9. Be alert to scams such as social engineering and phishing
Social engineering is when scammers pretend to be from a legitimate business and try and manipulate you into giving them confidential information, such as passwords, bank information, etc.
Phishing is a form of social engineering, which is typically via email and often conveys a sense of urgency.
Spear phishing is a more dangerous form of phishing where the email message is customised according to information the criminal has already obtained about you to make it more credible.
Some warning signs to help identify an email scam:
- Email is unexpected or not personalised.
- Conveys a sense of urgency.
- Poor spelling and grammar.
- Unusual URLs when you hover over them.
- Unusual address or ‘Reply-To’ address.
- You’re asked to enter personal information, open an attachment, click on a link, or download a file.
10. Don't overshare on social media
Scammers often use social media to gather information about people, such as:
- names of family members, friends, pets
- dates of birth
- habits, likes and dislikes, and other details you share.
They may use this information to guess your passwords, use it in a social engineering scam, or impersonate you when applying for credit cards, bank loans, or even commit crimes.
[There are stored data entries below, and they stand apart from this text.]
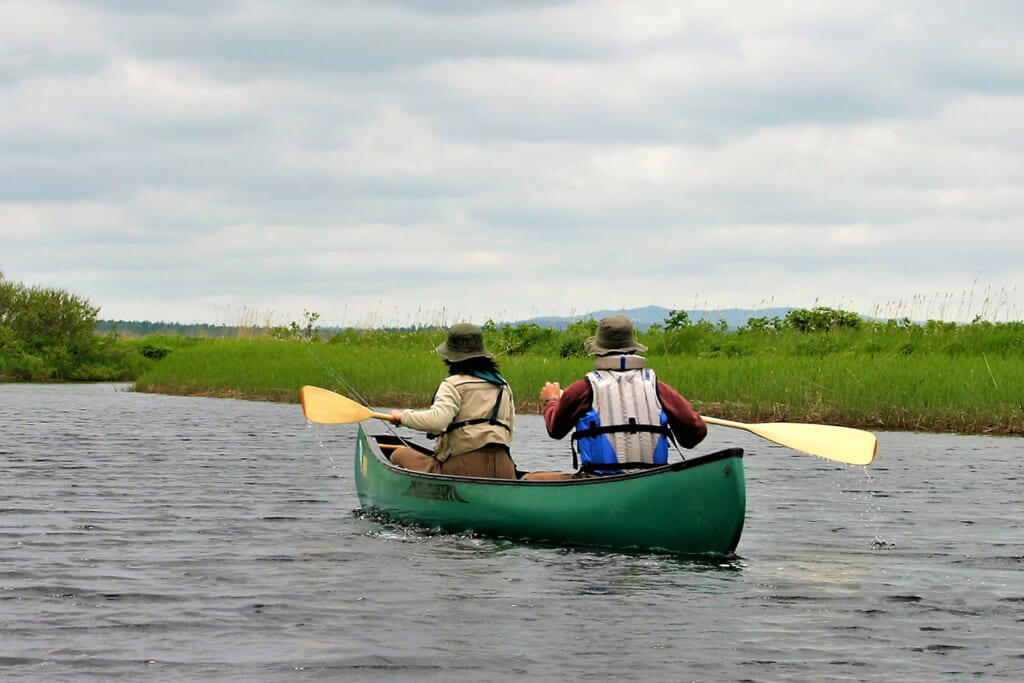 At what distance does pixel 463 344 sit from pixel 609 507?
5.86 ft

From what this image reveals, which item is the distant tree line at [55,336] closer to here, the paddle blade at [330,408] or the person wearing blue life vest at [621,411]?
the paddle blade at [330,408]

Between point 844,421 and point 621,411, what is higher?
point 621,411

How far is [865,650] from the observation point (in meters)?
6.38

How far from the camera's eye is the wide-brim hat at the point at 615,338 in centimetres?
891

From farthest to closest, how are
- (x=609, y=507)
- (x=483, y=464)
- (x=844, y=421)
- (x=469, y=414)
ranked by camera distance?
(x=844, y=421) < (x=483, y=464) < (x=469, y=414) < (x=609, y=507)

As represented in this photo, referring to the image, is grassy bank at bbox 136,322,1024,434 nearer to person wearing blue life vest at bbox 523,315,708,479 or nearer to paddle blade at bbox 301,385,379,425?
paddle blade at bbox 301,385,379,425

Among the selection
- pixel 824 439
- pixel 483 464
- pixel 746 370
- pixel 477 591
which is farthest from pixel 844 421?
pixel 477 591

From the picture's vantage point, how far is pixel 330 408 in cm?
1116

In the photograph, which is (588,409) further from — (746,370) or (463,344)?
(746,370)

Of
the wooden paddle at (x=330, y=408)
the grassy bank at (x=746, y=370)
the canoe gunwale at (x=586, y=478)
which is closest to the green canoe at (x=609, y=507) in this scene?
the canoe gunwale at (x=586, y=478)

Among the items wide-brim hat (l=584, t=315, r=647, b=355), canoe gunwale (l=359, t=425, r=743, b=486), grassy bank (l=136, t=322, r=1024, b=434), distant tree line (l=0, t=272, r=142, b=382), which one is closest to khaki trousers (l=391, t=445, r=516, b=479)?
canoe gunwale (l=359, t=425, r=743, b=486)

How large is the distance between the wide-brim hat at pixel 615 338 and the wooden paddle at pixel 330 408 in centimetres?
287

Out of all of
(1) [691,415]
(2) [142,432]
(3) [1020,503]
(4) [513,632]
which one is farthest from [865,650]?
(2) [142,432]

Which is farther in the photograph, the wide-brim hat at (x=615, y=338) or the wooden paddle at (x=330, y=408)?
the wooden paddle at (x=330, y=408)
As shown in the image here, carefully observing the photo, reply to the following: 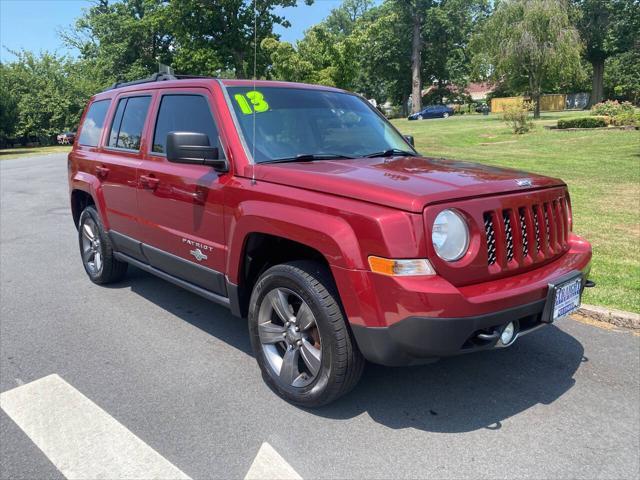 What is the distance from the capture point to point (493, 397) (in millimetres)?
3457

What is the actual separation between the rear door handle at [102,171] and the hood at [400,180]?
2290mm

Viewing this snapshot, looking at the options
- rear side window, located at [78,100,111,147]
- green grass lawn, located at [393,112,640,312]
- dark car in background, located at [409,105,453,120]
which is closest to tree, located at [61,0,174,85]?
dark car in background, located at [409,105,453,120]

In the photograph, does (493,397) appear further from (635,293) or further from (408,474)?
(635,293)

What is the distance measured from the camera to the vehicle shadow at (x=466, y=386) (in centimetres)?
326

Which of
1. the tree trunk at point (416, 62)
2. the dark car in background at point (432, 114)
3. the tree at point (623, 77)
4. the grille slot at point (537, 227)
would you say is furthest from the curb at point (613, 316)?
the tree trunk at point (416, 62)

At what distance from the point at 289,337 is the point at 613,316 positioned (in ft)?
9.55

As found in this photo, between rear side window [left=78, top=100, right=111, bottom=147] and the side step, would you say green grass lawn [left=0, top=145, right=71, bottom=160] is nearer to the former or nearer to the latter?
rear side window [left=78, top=100, right=111, bottom=147]

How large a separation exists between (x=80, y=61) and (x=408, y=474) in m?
64.5

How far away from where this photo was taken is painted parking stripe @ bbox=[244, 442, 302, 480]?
2750 mm

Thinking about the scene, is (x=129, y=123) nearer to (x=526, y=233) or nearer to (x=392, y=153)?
(x=392, y=153)

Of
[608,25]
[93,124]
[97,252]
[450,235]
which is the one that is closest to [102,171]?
[93,124]

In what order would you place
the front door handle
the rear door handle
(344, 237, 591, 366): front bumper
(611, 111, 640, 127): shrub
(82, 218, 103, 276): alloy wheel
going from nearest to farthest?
(344, 237, 591, 366): front bumper, the front door handle, the rear door handle, (82, 218, 103, 276): alloy wheel, (611, 111, 640, 127): shrub

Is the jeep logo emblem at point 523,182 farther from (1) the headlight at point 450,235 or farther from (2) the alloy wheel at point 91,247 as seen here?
(2) the alloy wheel at point 91,247

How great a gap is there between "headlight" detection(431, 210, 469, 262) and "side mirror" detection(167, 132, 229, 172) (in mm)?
1617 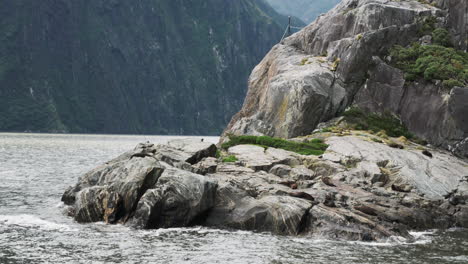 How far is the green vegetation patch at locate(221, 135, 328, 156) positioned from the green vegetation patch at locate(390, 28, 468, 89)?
1614 cm

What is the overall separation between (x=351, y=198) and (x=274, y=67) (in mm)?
39463

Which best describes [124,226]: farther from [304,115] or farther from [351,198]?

If you would not share the information with strangers in real life, do not share it on social media. Also regularly review your social media access settings to understand who can see information you share and ensure it is restricted appropriately.
What to do if your device/account is compromised
Work devices/accounts
- Visit the Cyber Security webpage and click on ‘Report a cyber concern’. Complete the short form, this is sent directly to the UQ Cyber Security Operations Centre (CSOC). Do not worry if your concern turns out to be false, CSOC would prefer hundreds of false concerns, rather than missing a real attack.
- To report a suspicious email from your work account, use the Phish Alert Button in Outlook. If you use another email client, follow the instructions on how to report a suspicious email.
Personal devices/accounts
- Report the incident with the Australian Cyber Security Centre.
- Run a scan using your antivirus software and follow any instructions if issues are detected.
- For financial accounts, contact your financial institution immediately and follow their advice.
- Change your passwords. If you have used the same password across multiple accounts, ensure you change your password for each account - once scammers obtain one of your passwords, they may use it to try and gain access to your other accounts.
- Notify your networks on social media to be wary of any messages from you with strange links and/or attachments.
And remember to spread the word – inform family and friends about good cyber security practises!